黒いタピオカドリンクとして流行した第二次タピオカブーム。
第二のブームは2008年、第一次と第三次と比べると小粒なブームでした。
きっかけは、アジアを拠点にしていたQuicklyやeasywayが秋葉原や丸の内に出店し、行列も断続的に発生していました。
このブームの時には、タピオカは白粒から黒粒へ変化して、タピオカのサイズも若干大きくなって食感もつぶつぶからモチモチにアップデートされています。
この時代のタピオカドリンクは「トッピングとしてのタピオカ」という位置づけが強くて、カフェオレや完全発酵の紅茶を使ったミルクティーなどがメインでした。
このブームの時は「いつものミルクティー+黒粒のタピオカ」として、比較的大きなストローで大きな黒粒を吸う楽しさから女性の心を掴みました。
第三次ブームへのきっかけを作ったのは「春水堂」
今のタピオカブームの源流をたどると、台湾の人気店「春水堂」につながります。
春水堂とは、台湾のお店で「タピオカミルクティー」発祥の店とされていて、代官山に重厚感のある店舗を2013年にオープンさせている。これが大ヒットし、オープン当初はつねに長蛇の列となっていました。春水堂は、これまでの上陸店とは少し違っていました。
完全発酵の紅茶を使用したミルクティーやカフェオレではなく、高級台湾茶を使用。イートインの場合はグラスを使用していて、高級路線を貫いています。当初のブランド戦略から「競合をスターバックス」とおいていたことも有名ですね。
【春水堂以前】
・プロダクト:紅茶(完全発酵茶)のミルクティーが大半
・拠点:秋葉原
・ポジション:手軽な飲み物≒フードコートの世界観
・価格:350円
【春水堂以後】
・プロダクト:台湾茶(半発酵茶)
・拠点:代官山
・ポジション:ちょっと気分が上がるドリンク/ライバル
・価格:450円
「どこでも飲めるミルクティー×もちもち食感のタピオカ」から、
「珍しい台湾茶のミルクティー×もちもち食感のタピオカ」ということで、ドリンク自体へのニュース性も急上昇。第一次はスイーツのトッピングとして、第二次はカジュアルなフードコートで飲むようなドリンクとして流行ったタピオカは、春水堂との出合いによって、第三次に通じる高価格帯ドリンクにポジショニング変更がされたのかもしれません。

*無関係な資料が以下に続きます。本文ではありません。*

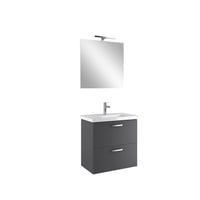 310300104641NOAH 65 CM ANTRASİT ÇİFT ÇEKMECELİ ALT DOLAP + LAVABO + AYNA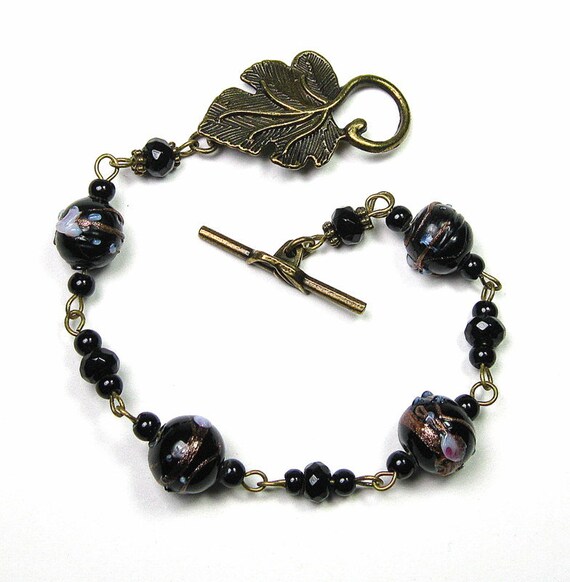 Bold Black and Bronze Chunky Lampwork Beaded Bracelet, Plus Size Bracelet, Czech Glass, Womens Accessories, Gifts for Her, Extra Long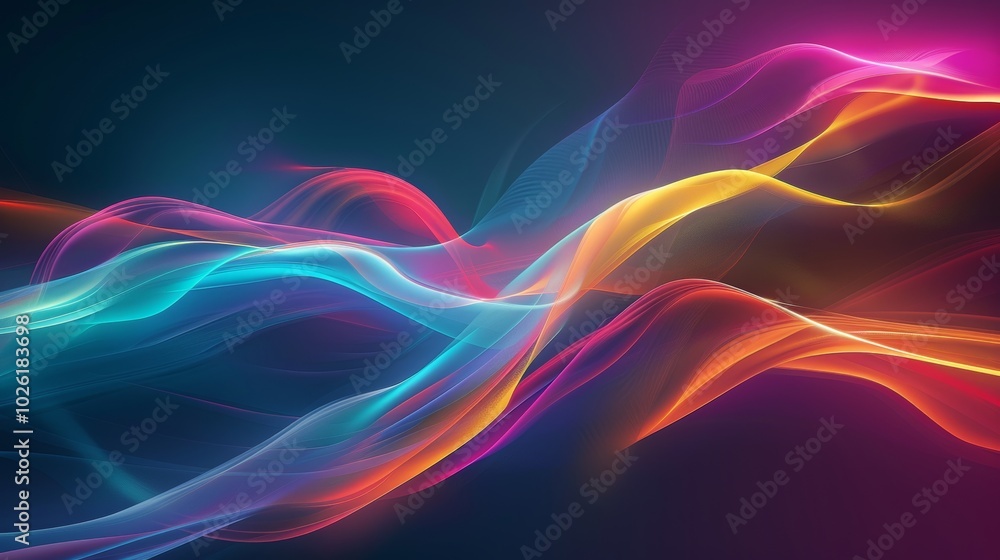 Colorful light waves flowing gracefully in a dark background at an abstract art exhibition event Colorful light waves flowing gracefully in a dark background at an abstract art exhibition event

この春水堂が広げたタピオカドリンクの日本市場を、ゴンチャやジアレイなどの資本力のあるブランドが日本に上陸し、タピオカドリンクを同時多発的に露出させ、市場を拡大していきました。ターゲットは「スタバ好きのコーヒー嫌い層」と整理し、出店、商品、コミュニケーション戦略を尖らせていくことで、タピオカドリンクの熱狂的ファン層を創出することに成功していきます。
タピオカは「行列による宣伝」を現代にアップデートした
タピオカに限らず、チョコミントでもかき氷でも、熱狂的なファンがブームの核となっていくのは変わりませんが、タピオカの場合はその熱狂者が雪だるま構造で拡大していったのが面白いです。ましてや食品ブームが短命化する時代において、タピオカは3年ぐらいのスパンでブームが持続していた要因は、出店や風味などの「微調整の最適化」では突破できないレベル感なのかもしれません。

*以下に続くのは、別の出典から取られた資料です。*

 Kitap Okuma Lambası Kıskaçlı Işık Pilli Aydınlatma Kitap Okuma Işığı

タピオカの熱狂的ファンが増大しブームが持続している背景として長期化した要因として考えているのは「行列プロモーションの成功」だと考えています。
旧来から存在するマーケティング手法の「行列」ですが、SNSが発達した現代はより価値が高くなっていると私は考えています。行列ほど、最良の宣伝手法はないでしょう。
何事もスマートに合理的に購買できる時代において、行列は異常な光景でこれまでよりずっと意味をもつ。「なんでも手に入る時代に、並んでまで買いたいものってなに?」という希少性によって、プロダクト自体の価値をもっと高めることに貢献できるのかもしれません。

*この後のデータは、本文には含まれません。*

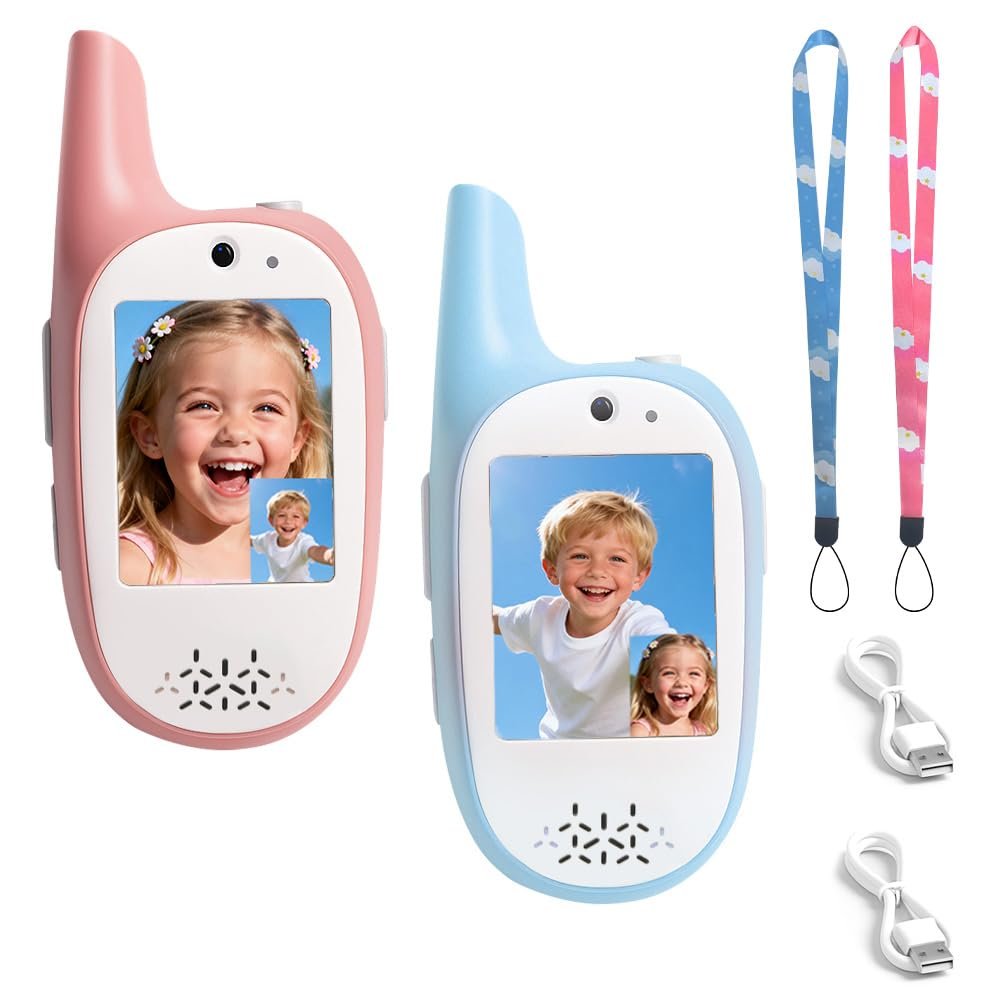 Walkie Talkies for Kids, 2 Pack 720P Video Walkie Talkies for Kids Rechargeable Long Range Video Walkie Talkies, Toys Gifts for Family, Camping, Hiking for Boys Girls Ages 3-12 (Blue+Pink)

「タピオカ」は、現代の消費行動を知る最良のサンプルである
タピオカは、「ブーム短命化」の流れにおいて突出したブームの成功事例と言えるでしょう。
モノを買わない今の時代に「心を動かす」文脈作りを知るには良いサンプルです。
どんなに美味しくても、ターゲットの文脈にマッチしないと購買は生まれません。「タピオカを飲む」ことから獲得できる価値の再整理、届ける場所、価格、メッセージなどの最適化によって、この大きなトレンドが誕生したのではないでしょうか。
同時にここからが勝負とも言えます。新規参入しすぎたマーケットにおいてどのように生き残るのか。2020年も「タピオカ」は継続して、注目していこうと思います。